> TASK: In this exercise, print only the lines of the records below from the one with "Desayuno con opciones" through the one with "Jt'S Apartments Spanelska Str. プラハ エクステリア 写真", inclusive. Pictures are not part of the copy.

START MATERIAL PROVIDED

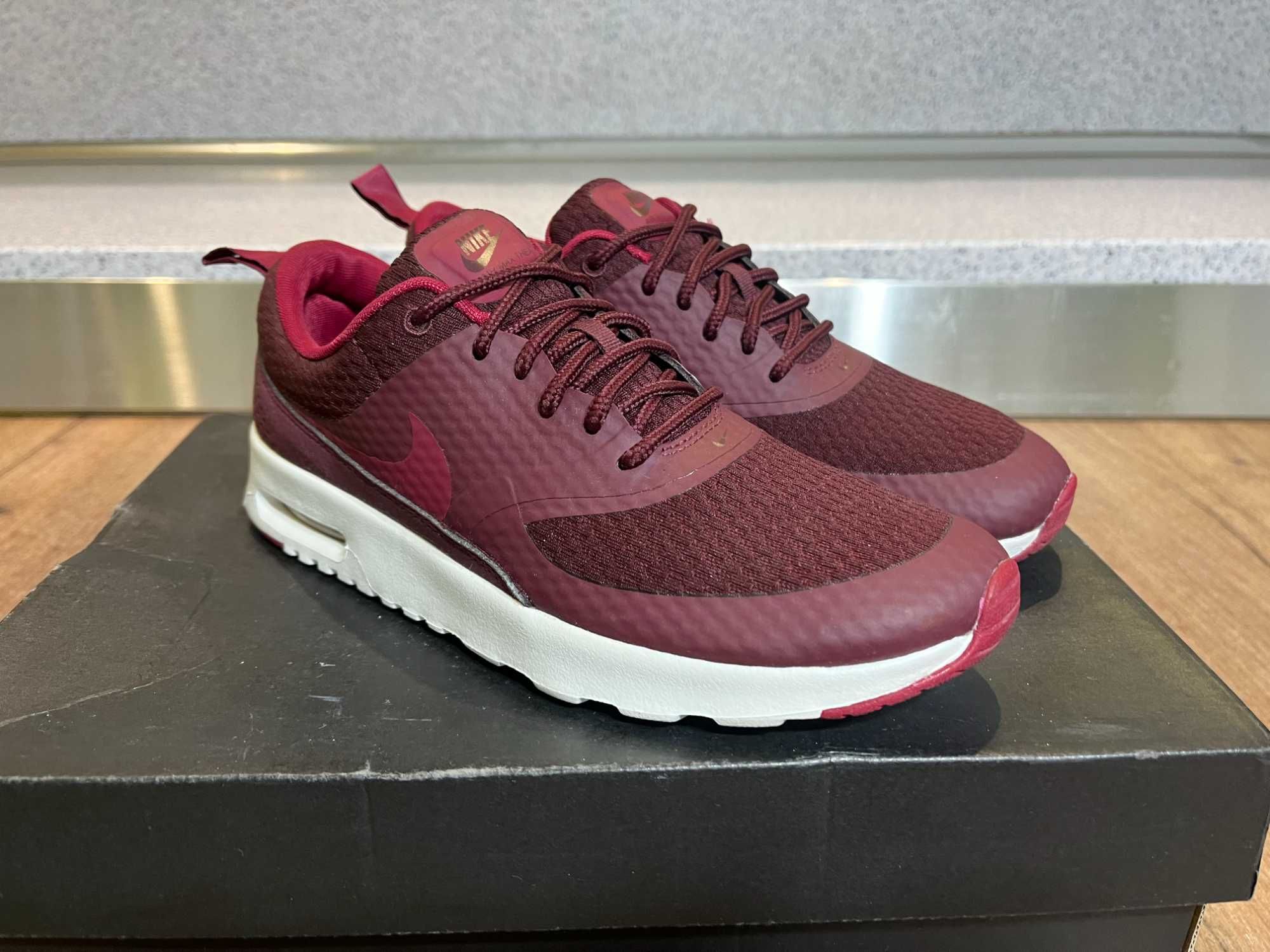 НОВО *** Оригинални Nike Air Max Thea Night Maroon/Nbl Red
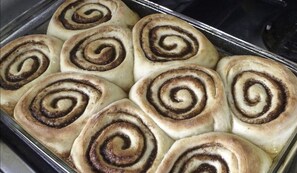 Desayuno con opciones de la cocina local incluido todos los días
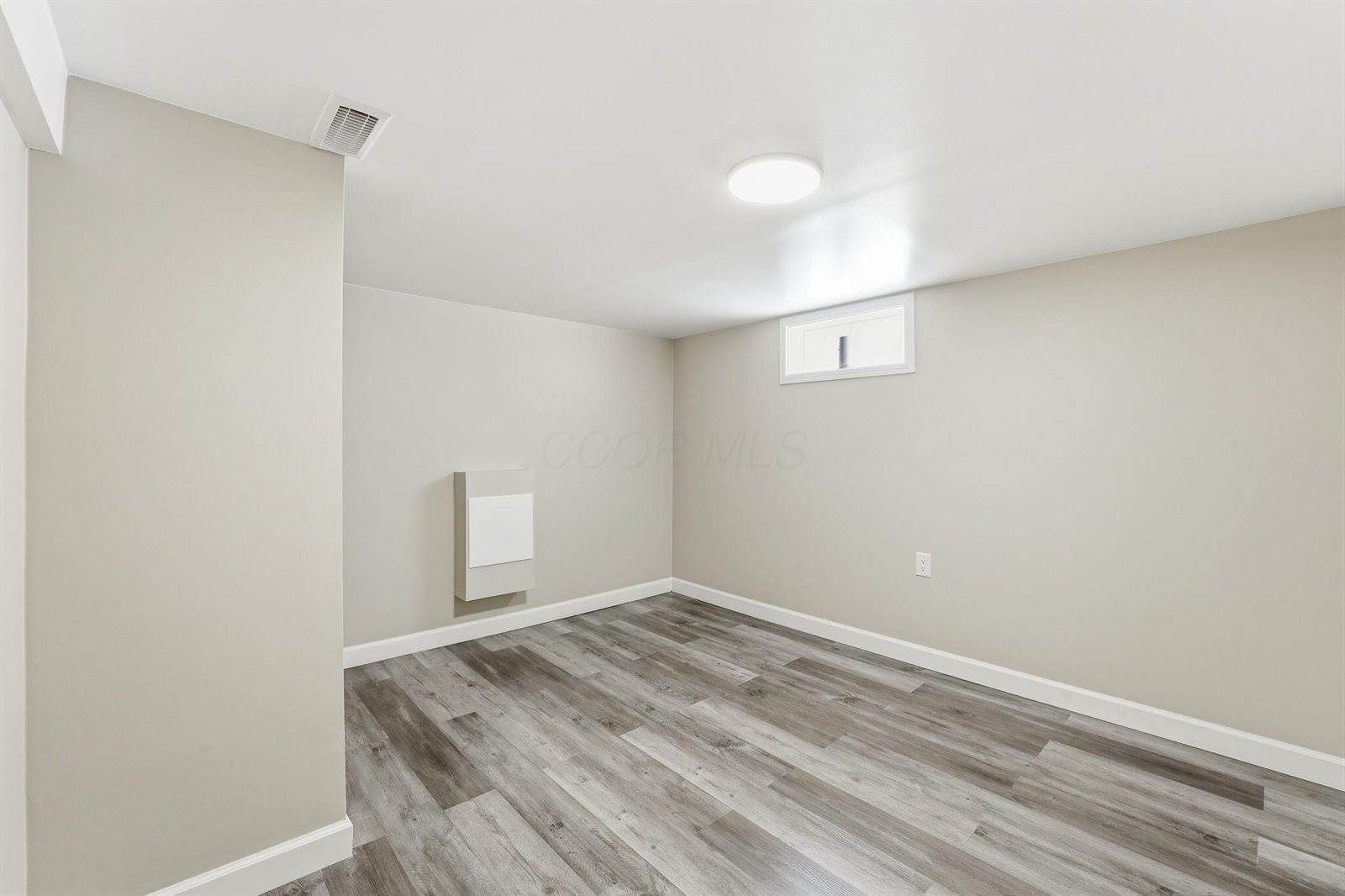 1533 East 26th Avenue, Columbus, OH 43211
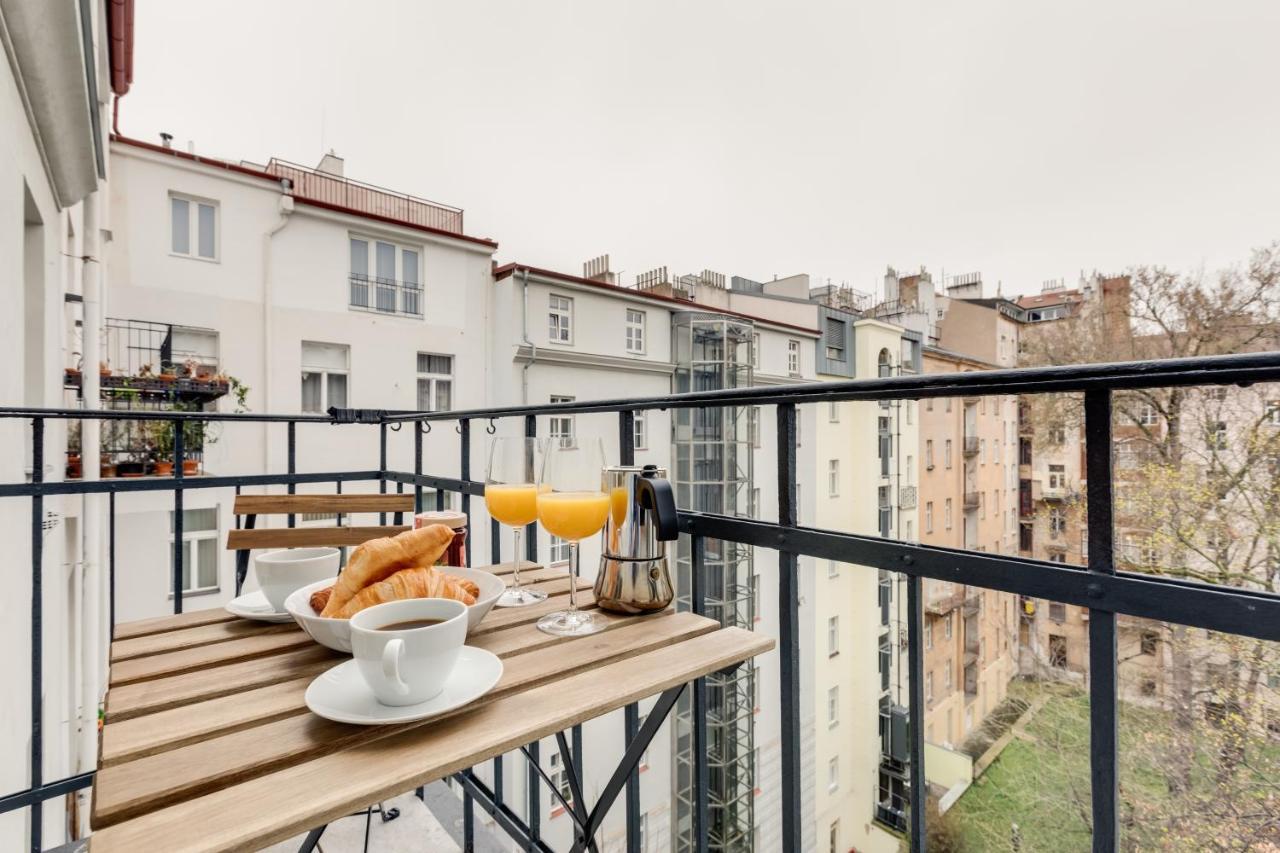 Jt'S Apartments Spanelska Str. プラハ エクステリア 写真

END MATERIAL PROVIDED
START MATERIAL PROVIDED

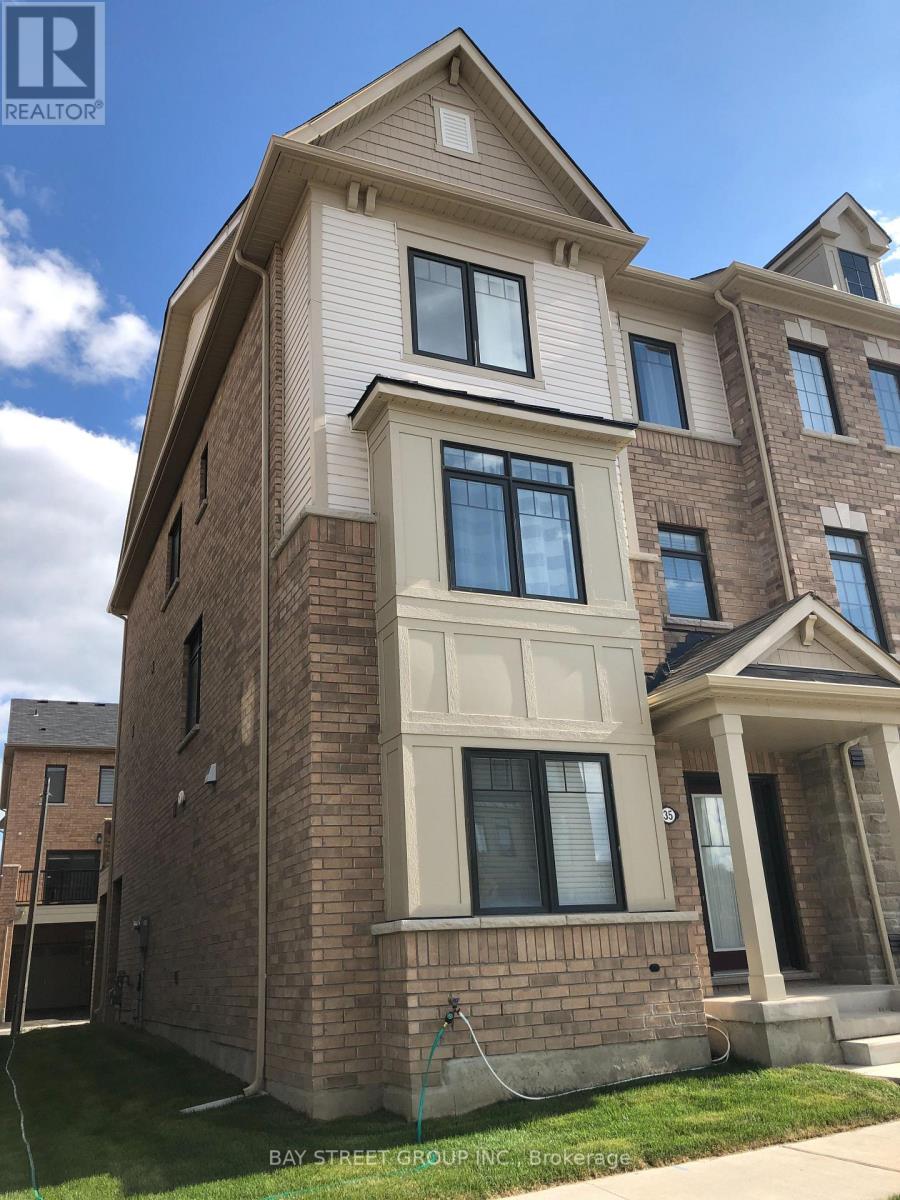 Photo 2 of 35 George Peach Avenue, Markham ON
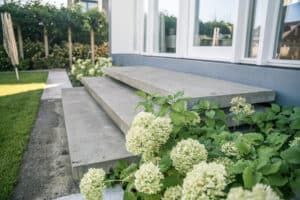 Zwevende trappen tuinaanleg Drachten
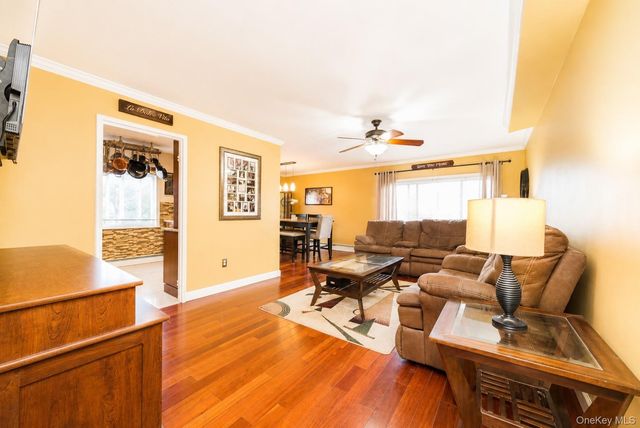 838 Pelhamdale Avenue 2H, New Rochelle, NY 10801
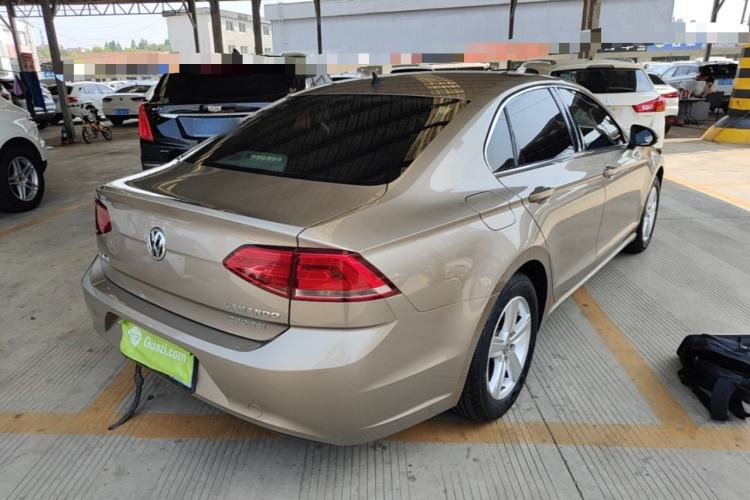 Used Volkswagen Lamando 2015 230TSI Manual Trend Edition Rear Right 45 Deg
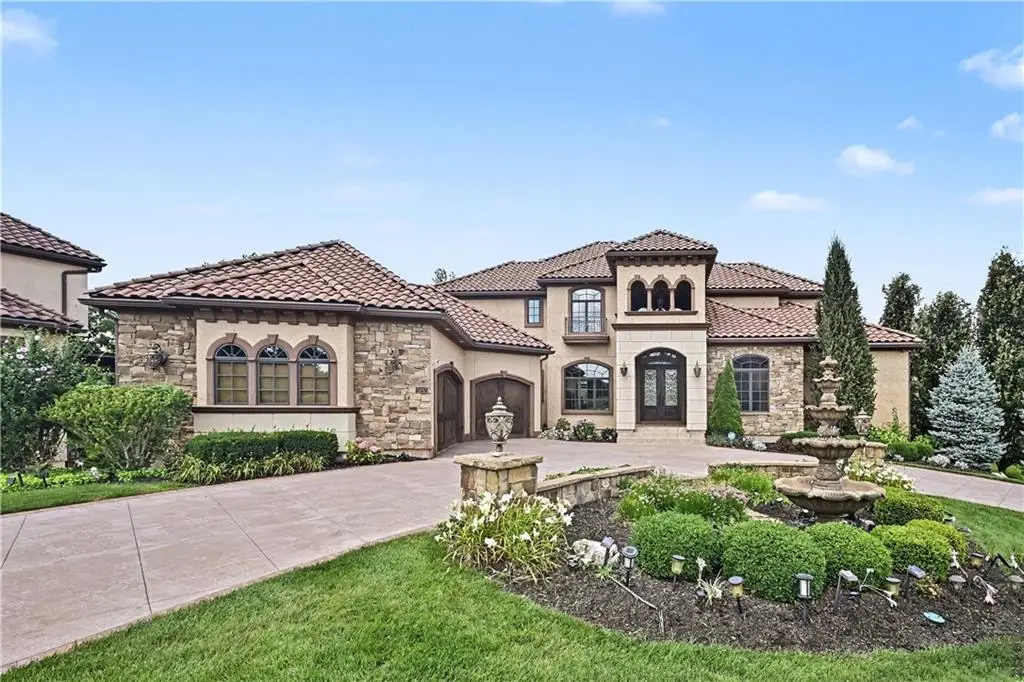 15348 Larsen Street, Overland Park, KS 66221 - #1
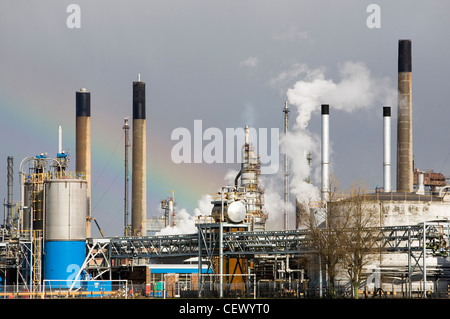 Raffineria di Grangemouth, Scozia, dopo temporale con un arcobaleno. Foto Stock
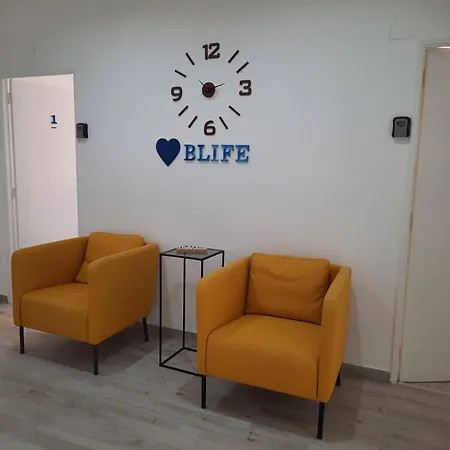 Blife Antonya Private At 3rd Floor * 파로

END MATERIAL PROVIDED

> ANSWER SPACE:
 Desayuno con opciones de la cocina local incluido todos los días
 1533 East 26th Avenue, Columbus, OH 43211
 Jt'S Apartments Spanelska Str. プラハ エクステリア 写真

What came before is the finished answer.